Description of the task >> Below is a listing; repeat exactly the lines from the one containing "เหรียญกลมหลวงพ" to the one containing "Тумба с раковиной", both included.

(Dataset entries)

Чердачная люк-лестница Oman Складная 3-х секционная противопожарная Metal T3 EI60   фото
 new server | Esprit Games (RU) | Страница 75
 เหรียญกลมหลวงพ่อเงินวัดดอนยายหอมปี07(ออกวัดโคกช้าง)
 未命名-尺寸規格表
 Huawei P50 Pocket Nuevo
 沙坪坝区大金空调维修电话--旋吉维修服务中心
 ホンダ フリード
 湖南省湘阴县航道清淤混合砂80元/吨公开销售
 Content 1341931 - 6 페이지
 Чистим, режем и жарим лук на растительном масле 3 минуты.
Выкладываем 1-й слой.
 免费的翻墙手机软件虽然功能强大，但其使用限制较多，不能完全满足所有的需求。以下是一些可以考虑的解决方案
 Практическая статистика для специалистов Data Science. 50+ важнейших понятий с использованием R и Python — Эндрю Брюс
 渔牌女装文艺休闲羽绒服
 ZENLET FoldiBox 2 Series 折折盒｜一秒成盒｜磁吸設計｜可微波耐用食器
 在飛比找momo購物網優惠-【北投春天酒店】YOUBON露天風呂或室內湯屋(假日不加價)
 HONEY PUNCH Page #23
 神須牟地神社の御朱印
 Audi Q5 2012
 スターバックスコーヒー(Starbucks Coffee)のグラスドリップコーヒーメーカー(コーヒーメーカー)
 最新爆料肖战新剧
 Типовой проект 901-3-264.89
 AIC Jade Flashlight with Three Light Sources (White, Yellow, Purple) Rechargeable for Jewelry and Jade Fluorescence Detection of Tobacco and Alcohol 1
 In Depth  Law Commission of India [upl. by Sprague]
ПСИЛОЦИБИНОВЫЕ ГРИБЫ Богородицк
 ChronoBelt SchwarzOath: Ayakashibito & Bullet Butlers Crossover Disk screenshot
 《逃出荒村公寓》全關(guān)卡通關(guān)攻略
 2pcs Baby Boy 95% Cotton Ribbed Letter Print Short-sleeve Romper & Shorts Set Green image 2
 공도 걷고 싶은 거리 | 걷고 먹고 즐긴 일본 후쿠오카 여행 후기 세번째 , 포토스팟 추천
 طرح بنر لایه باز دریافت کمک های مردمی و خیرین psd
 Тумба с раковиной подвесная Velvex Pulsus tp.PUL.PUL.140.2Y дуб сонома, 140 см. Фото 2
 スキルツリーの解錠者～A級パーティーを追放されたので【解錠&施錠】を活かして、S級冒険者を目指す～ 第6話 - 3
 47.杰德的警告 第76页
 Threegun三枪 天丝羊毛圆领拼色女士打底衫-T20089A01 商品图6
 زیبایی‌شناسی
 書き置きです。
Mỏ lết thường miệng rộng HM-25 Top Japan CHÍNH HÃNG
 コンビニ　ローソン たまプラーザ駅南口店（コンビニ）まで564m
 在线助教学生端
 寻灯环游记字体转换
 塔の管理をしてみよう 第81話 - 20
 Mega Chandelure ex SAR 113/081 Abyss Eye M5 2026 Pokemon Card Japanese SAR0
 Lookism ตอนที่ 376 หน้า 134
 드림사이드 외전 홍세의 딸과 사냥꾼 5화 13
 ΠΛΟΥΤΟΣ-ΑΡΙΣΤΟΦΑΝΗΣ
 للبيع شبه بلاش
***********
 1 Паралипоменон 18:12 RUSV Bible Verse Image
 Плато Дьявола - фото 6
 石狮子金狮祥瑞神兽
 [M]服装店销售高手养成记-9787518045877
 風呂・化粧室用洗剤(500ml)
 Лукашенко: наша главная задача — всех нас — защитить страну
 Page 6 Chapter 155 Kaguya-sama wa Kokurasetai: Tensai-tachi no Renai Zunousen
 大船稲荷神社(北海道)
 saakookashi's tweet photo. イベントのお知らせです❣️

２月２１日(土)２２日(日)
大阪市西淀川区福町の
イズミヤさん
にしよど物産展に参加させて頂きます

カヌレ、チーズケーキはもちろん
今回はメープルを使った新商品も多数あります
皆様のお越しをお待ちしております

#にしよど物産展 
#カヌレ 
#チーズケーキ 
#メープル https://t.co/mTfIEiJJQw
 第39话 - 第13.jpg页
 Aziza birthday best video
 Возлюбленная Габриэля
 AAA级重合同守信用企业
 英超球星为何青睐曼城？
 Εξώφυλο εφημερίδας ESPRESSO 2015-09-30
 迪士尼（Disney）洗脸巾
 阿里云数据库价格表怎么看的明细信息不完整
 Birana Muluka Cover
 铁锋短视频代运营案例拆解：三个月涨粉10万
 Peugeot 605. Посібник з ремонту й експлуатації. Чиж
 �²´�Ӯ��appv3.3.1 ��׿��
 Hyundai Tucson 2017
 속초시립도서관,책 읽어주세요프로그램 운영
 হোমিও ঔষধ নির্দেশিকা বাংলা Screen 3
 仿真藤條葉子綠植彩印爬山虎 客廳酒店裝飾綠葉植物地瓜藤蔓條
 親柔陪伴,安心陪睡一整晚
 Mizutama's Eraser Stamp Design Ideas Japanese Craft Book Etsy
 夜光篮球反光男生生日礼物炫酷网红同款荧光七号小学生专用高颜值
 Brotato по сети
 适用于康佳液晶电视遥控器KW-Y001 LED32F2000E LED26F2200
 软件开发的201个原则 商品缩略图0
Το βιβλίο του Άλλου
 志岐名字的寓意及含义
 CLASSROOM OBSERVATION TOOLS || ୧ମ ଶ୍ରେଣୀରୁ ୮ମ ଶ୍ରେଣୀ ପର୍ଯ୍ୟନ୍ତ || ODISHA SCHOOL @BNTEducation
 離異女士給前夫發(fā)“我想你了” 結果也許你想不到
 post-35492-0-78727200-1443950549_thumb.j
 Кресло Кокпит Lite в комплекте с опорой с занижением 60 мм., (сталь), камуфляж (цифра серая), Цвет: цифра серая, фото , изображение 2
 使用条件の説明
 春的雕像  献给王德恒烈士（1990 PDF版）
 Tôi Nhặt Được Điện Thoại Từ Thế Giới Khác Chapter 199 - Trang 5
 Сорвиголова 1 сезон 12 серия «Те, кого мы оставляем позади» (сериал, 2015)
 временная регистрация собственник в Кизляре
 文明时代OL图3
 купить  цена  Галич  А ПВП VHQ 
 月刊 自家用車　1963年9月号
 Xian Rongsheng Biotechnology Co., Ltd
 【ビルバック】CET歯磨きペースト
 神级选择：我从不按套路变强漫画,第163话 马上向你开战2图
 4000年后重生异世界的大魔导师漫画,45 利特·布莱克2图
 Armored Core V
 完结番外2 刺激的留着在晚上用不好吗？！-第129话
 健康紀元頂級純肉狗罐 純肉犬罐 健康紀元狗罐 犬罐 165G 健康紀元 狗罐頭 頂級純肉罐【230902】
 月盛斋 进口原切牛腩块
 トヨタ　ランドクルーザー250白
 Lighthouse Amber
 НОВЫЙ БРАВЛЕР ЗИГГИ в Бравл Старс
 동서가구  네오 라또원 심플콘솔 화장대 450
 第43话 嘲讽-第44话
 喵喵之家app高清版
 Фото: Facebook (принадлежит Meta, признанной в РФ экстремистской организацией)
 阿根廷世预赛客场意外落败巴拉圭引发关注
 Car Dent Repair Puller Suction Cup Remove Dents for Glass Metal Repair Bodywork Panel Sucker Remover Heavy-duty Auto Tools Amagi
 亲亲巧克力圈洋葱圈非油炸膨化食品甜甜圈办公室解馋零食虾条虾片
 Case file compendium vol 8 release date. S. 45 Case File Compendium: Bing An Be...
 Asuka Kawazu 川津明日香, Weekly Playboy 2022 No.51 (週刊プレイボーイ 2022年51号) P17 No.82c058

(End Dataset entries)

Your response >>
 เหรียญกลมหลวงพ่อเงินวัดดอนยายหอมปี07(ออกวัดโคกช้าง)
 未命名-尺寸規格表
 Huawei P50 Pocket Nuevo
 沙坪坝区大金空调维修电话--旋吉维修服务中心
 ホンダ フリード
 湖南省湘阴县航道清淤混合砂80元/吨公开销售
 Content 1341931 - 6 페이지
 Чистим, режем и жарим лук на растительном масле 3 минуты.
Выкладываем 1-й слой.
 免费的翻墙手机软件虽然功能强大，但其使用限制较多，不能完全满足所有的需求。以下是一些可以考虑的解决方案
 Практическая статистика для специалистов Data Science. 50+ важнейших понятий с использованием R и Python — Эндрю Брюс
 渔牌女装文艺休闲羽绒服
 ZENLET FoldiBox 2 Series 折折盒｜一秒成盒｜磁吸設計｜可微波耐用食器
 在飛比找momo購物網優惠-【北投春天酒店】YOUBON露天風呂或室內湯屋(假日不加價)
 HONEY PUNCH Page #23
 神須牟地神社の御朱印
 Audi Q5 2012
 スターバックスコーヒー(Starbucks Coffee)のグラスドリップコーヒーメーカー(コーヒーメーカー)
 最新爆料肖战新剧
 Типовой проект 901-3-264.89
 AIC Jade Flashlight with Three Light Sources (White, Yellow, Purple) Rechargeable for Jewelry and Jade Fluorescence Detection of Tobacco and Alcohol 1
 In Depth  Law Commission of India [upl. by Sprague]
ПСИЛОЦИБИНОВЫЕ ГРИБЫ Богородицк
 ChronoBelt SchwarzOath: Ayakashibito & Bullet Butlers Crossover Disk screenshot
 《逃出荒村公寓》全關(guān)卡通關(guān)攻略
 2pcs Baby Boy 95% Cotton Ribbed Letter Print Short-sleeve Romper & Shorts Set Green image 2
 공도 걷고 싶은 거리 | 걷고 먹고 즐긴 일본 후쿠오카 여행 후기 세번째 , 포토스팟 추천
 طرح بنر لایه باز دریافت کمک های مردمی و خیرین psd
 Тумба с раковиной подвесная Velvex Pulsus tp.PUL.PUL.140.2Y дуб сонома, 140 см. Фото 2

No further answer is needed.